DINESH MAHESHWARI, J. - (1.)By way of this appeal, the assessee-appellant has called in question the order dated 15.05.2009 passed in Income Tax Appeal No. 164 of 2008 whereby, the High Court of Judicature for Rajasthan at Jodhpur has summarily dismissed the appeal against the order dated 29.08.2008 passed in ITA No. 117/JU/2008 by the Income Tax Appellate Tribunal, Jodhpur Bench at Jodhpur; and thereby, the High Court has upheld the computation of total income of the assessee-appellant for the assessment year 2005-2006 with disallowance of payments to the tune of Rs. 57,11,625/-, essentially in terms of Section 40(a)(ia) of the Income Tax Act, 1961[1] for failure of the assessee-appellant to deduct the requisite tax at source[2].
[1] Hereinafter referred to as 'the Act of 1961' or simply 'the Act'.

[2] Tax deducted at source' being referred as TDS'

(2.)We may take note of the relevant factual and background aspects of the case while keeping in view the root point calling for determination in this appeal, that is, as to whether the payments in question have rightly been disallowed from deduction in computation of total income of the appellant?
Relevant factual and background aspects: the impugned order of assessment

(3.)In a brief outline of the relevant factual aspects, it could be noticed that the assessee-appellant, a partnership firm, had entered into contract with M/s Aditya Cement Limited, Shambupura, District Chittorgarh[3] for transporting cement to various places in India.
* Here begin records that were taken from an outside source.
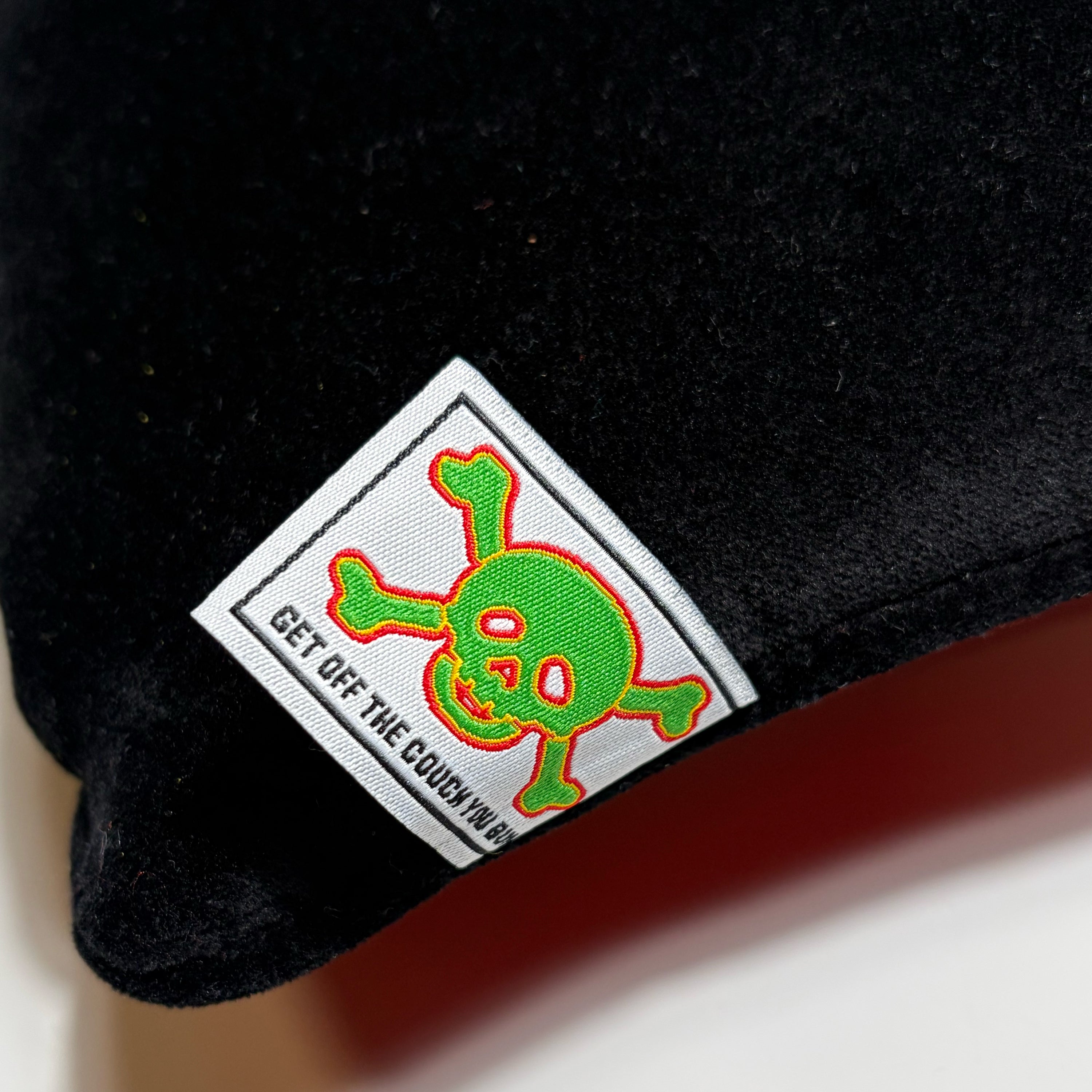 Close-up of a black plush or velvety fabric item with a sewn square label showing a green skull-and-crossbones graphic outlined in red and the text 'GET OFF THE COUCH NOW'.
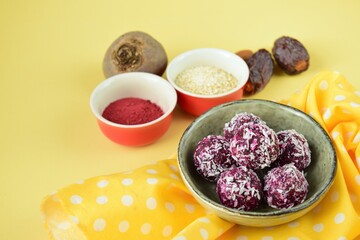 Beetroot quinoa date almond coconut energy balls on yellow background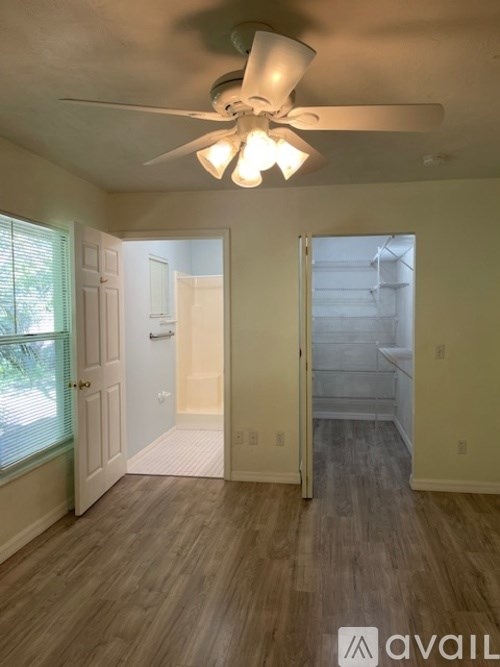 A room with a ceiling fan and light fixture, wooden flooring, and a window with blinds.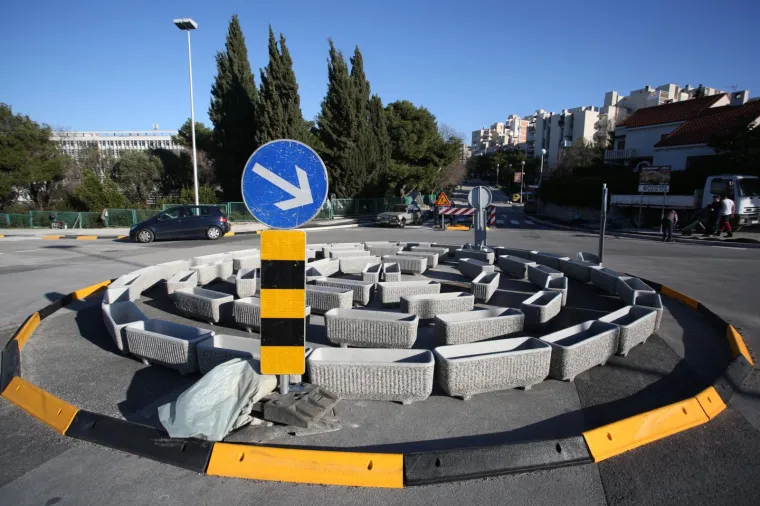 Kružni tok u Bračkoj ulici u Splitu sastavljen je od velikih betonskih žardinjera za cvijeće poslaganih u krug. Posude su prazne.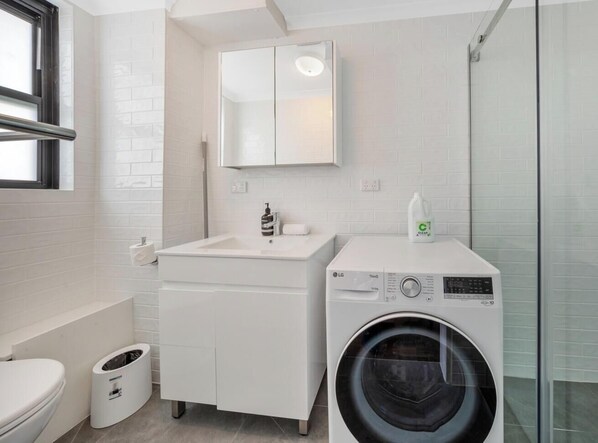 A modern bathroom with a white sink, mirror, toilet, and washing machine.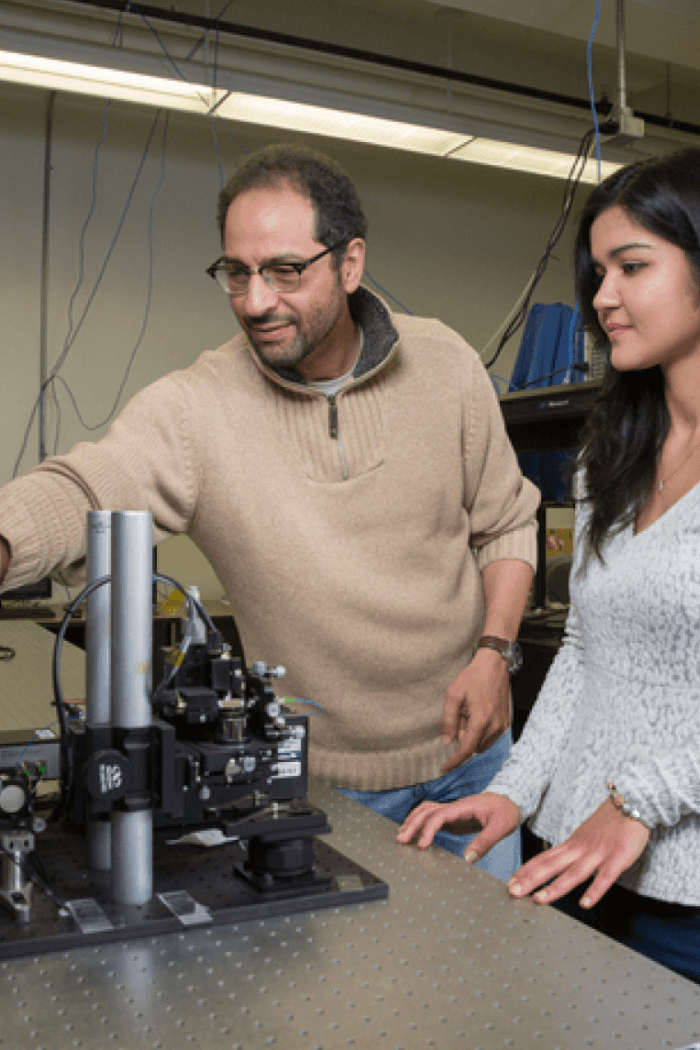Sherif Sherif works in his lab with a student.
As the appellant was not having the transport vehicles of its own, it had engaged the services of other transporters for the purpose. The cement marketing division of M/s Aditya Cement Limited, namely, M/s Grasim Industries Limited, effected payments towards transportation charges to the appellant after due deduction of TDS, as shown in Form No. 16A issued by the company.
[3] Hereinafter also referred to as "the consignor company" or "the company".